My work is on prototyping alternate ontology curricular cultures, largely in postsecondary TECH education (Technology, Engineering, Computing, and Hacker/Maker realms). In other words, I am concerned with the making of people who make things. What are the assumptions we make about reality (especially related to teaching and learning), and what kinds of worlds do these assumptions set up? How might we build different worlds where different realities are possible?

I use ethnographic, narrative, and other qualitative tools along with a wide range of theoretical lens to examine questions such as: What is engineering? Who is a maker? What does it mean to be a technology professor? In doing this work, I build and partner with communities that have alternative TECH curricular cultures (for instance: Deaf engineering classrooms, feminist hackerspaces, distributed computing apprenticeships) to make us aware of the assumptions we’ve embedded in the discipline thus far… so we can decide what worlds we want to build going forward.
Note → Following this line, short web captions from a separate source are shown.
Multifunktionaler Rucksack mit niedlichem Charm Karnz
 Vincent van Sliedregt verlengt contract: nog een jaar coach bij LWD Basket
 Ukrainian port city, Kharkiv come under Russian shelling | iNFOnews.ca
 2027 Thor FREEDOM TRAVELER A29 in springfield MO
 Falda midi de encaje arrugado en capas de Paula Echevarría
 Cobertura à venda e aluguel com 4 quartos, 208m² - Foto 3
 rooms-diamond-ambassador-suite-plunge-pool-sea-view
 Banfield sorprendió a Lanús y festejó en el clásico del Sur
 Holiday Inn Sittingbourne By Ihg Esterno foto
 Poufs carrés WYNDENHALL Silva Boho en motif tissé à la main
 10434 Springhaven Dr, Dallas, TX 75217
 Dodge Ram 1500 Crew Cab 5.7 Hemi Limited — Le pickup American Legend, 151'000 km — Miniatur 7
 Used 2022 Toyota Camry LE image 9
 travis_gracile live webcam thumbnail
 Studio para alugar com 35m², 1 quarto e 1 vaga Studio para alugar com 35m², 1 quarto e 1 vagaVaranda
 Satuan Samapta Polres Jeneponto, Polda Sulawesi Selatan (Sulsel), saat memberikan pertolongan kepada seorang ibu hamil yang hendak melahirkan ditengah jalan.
I think of myself and my collaborators as terraformers. As an engineer who has built my career in open source communities and an educator with over a decade of teaching and curriculum development experience, I’m intrigued by the space between how hackers learn and how engineers are taught. Both open source and engineering academia require neophytes to learn complex collaborative processes in order to produce technology, but their approaches have historically been quite different; school is abstract and controlled, well-scaffolded and private – whereas open community projects are chaotic and improvisational, public and “real.” Understanding the patterns of how knowledge is spread in each culture allows us to bridge them and combine their strengths. This creates radically transparent communities of makers solving real problems for real users while being aware of how they teach their craft to new apprentices.

My job is to build worlds, both physical and virtual, where this can happen. Radical transparency means knowledge can be freely accessed and discussed by team members across all disciplines, leading to surprising insights and richer products. It also exposes the discourse of real engineering practice, allowing anyone to overhear and reflect on the stories behind our solutions. When we can overhear and be overheard, we become more able to find our own answers, our own connections, and our own routes into a field.

I’m a firm believer in Open Access, and am in the process of making all of the results of my own research freely available. I do my best to go a step beyond and make my data, methods, and analysis open and freely forkable whenever possible.